Open-Ended funds: An introduction to financial flexibility.
Open Ended Funds are those funds where investors can enter and exit the investment as per their convenience. The units can be purchased and sold even after the initial offering period and are priced at the latest NAV (Net Asset Value) as declared by the fund.
What are the differences between Open-Ended Funds and Closed-Ended Funds?
A closed-end fund is one when an investment company raises money through an offering and then the tokens (or shares) are traded on the secondary exchange.

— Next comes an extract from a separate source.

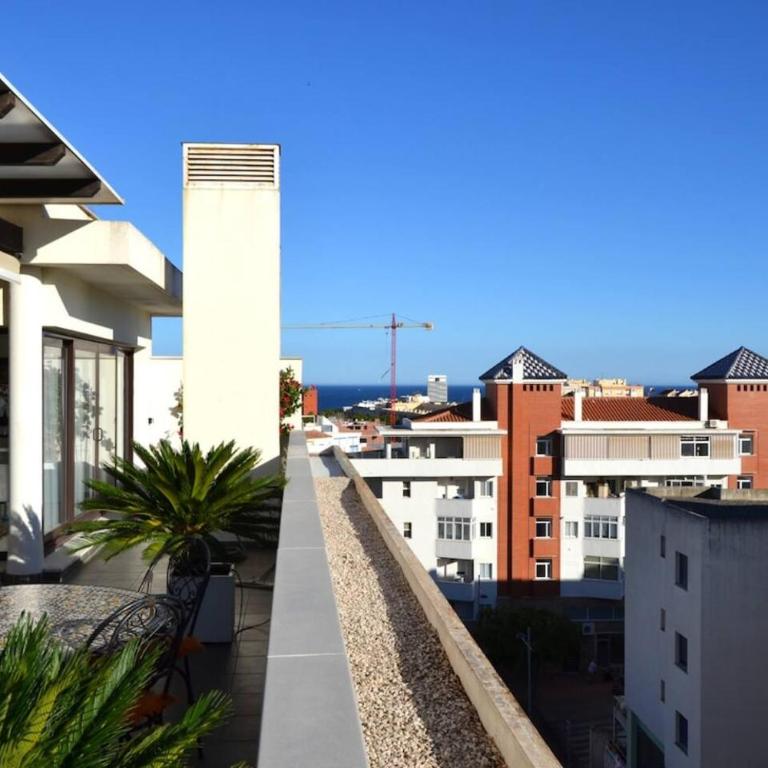 Rsh14A - Penthouse With Terrace And Hot Tub - Three-Bedroom Apartment with Balcony - 33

The fund raises capital from investors at the beginning of its life; once that subscription period is over, the fund is ‘closed’. This means that no new capital can enter the fund, and existing capital can’t exit the fund. Most private equity funds and venture capital funds are examples of closed-end funds.
Open-ended funds allow for ongoing subscriptions and redemptions. This allows capital to flow more freely in and out of the fund, and not just at the start and the end of the fund’s life. Often, the fund does not have a pre-determined lifespan and will continue indefinitely. Most mutual funds and hedge funds are examples of open-end funds.
Think of the differences between the two as the differences between travelling in a car ride down the highway and a train.
A car down the highway (Closed ended fund) between two locations starts from point A and goes till point B. Once, you get on the car in the highway, it does not stop till the destination. There are no stops along the way for you to enter or exit.
A train, on the other hand (Open-ended fund), passengers aren’t limited to the first and last stops on the line. There are regular, pre-determined stations throughout where they can board or alight.
What should you know before your first Open-ended fund investment?
It allows investors to enjoy regular liquidity. Additionally, instead of selling tokens on a secondary marketplace, where the market price fluctuates with supply and demand, the investor can redeem tokens directly from the fund at net asset value
Open-ended funds usually maintain large cash reserves as a portion of their portfolios to meet shareholder redemptions.
With the option to enter and exit investments at investors’ convenience, there is a lot of investment flexibility allowing for investors to better manage their finances without the fear of lengthy lockup periods.